For the records that follow, please set down exactly the lines between the one holding "新生儿益生菌肠胀气(给宝宝吃益生菌可缓解肠胀气烦恼)" and the one holding "Crivitz ist fertig.", inclusive, and only those.

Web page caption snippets
▼▼▼

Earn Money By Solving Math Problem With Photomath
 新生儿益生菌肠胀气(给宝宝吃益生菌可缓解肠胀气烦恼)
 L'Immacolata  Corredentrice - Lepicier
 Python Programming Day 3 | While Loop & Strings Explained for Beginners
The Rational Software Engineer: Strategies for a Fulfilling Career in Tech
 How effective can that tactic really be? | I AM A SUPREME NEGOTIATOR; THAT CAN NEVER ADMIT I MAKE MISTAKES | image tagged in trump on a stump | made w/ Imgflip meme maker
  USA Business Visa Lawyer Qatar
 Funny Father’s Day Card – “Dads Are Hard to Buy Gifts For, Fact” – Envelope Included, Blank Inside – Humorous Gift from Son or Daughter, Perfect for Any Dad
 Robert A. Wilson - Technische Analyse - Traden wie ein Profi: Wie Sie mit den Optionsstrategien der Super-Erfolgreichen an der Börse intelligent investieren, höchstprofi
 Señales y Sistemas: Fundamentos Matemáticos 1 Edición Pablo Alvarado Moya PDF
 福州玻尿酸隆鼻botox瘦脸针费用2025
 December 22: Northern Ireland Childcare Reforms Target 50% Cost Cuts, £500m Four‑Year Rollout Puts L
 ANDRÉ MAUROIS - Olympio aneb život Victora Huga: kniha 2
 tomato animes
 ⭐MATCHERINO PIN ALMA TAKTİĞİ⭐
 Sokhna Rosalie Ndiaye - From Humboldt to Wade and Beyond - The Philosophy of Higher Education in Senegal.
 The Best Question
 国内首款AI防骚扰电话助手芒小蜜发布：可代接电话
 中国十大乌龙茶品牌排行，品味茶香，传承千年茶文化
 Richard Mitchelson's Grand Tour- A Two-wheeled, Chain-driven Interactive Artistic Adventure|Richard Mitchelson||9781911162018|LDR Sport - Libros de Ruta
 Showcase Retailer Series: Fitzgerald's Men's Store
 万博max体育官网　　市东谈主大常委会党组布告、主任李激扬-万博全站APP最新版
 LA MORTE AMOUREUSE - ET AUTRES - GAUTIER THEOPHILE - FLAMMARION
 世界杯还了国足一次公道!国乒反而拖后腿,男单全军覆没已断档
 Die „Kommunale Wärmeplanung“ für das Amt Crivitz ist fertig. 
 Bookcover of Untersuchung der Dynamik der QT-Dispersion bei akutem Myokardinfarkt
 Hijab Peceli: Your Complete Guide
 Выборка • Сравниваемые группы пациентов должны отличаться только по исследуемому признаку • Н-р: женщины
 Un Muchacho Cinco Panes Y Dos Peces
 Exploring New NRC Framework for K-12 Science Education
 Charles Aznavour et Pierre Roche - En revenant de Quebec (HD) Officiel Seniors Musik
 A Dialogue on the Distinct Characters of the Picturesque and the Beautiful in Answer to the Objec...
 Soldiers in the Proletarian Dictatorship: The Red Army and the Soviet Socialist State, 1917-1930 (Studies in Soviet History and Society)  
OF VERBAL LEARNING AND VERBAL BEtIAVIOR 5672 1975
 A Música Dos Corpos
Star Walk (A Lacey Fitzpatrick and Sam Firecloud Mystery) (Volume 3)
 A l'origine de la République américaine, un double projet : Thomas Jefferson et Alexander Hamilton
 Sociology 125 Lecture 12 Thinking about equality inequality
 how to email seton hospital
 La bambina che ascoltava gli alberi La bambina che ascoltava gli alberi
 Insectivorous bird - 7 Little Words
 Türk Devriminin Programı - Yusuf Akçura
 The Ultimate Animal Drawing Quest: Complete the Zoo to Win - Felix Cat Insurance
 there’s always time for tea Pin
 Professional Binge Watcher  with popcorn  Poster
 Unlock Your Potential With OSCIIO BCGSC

▲▲▲

* _Exercise solution_
 新生儿益生菌肠胀气(给宝宝吃益生菌可缓解肠胀气烦恼)
 L'Immacolata  Corredentrice - Lepicier
 Python Programming Day 3 | While Loop & Strings Explained for Beginners
The Rational Software Engineer: Strategies for a Fulfilling Career in Tech
 How effective can that tactic really be? | I AM A SUPREME NEGOTIATOR; THAT CAN NEVER ADMIT I MAKE MISTAKES | image tagged in trump on a stump | made w/ Imgflip meme maker
  USA Business Visa Lawyer Qatar
 Funny Father’s Day Card – “Dads Are Hard to Buy Gifts For, Fact” – Envelope Included, Blank Inside – Humorous Gift from Son or Daughter, Perfect for Any Dad
 Robert A. Wilson - Technische Analyse - Traden wie ein Profi: Wie Sie mit den Optionsstrategien der Super-Erfolgreichen an der Börse intelligent investieren, höchstprofi
 Señales y Sistemas: Fundamentos Matemáticos 1 Edición Pablo Alvarado Moya PDF
 福州玻尿酸隆鼻botox瘦脸针费用2025
 December 22: Northern Ireland Childcare Reforms Target 50% Cost Cuts, £500m Four‑Year Rollout Puts L
 ANDRÉ MAUROIS - Olympio aneb život Victora Huga: kniha 2
 tomato animes
 ⭐MATCHERINO PIN ALMA TAKTİĞİ⭐
 Sokhna Rosalie Ndiaye - From Humboldt to Wade and Beyond - The Philosophy of Higher Education in Senegal.
 The Best Question
 国内首款AI防骚扰电话助手芒小蜜发布：可代接电话
 中国十大乌龙茶品牌排行，品味茶香，传承千年茶文化
 Richard Mitchelson's Grand Tour- A Two-wheeled, Chain-driven Interactive Artistic Adventure|Richard Mitchelson||9781911162018|LDR Sport - Libros de Ruta
 Showcase Retailer Series: Fitzgerald's Men's Store
 万博max体育官网　　市东谈主大常委会党组布告、主任李激扬-万博全站APP最新版
 LA MORTE AMOUREUSE - ET AUTRES - GAUTIER THEOPHILE - FLAMMARION
 世界杯还了国足一次公道!国乒反而拖后腿,男单全军覆没已断档
 Die „Kommunale Wärmeplanung“ für das Amt Crivitz ist fertig. 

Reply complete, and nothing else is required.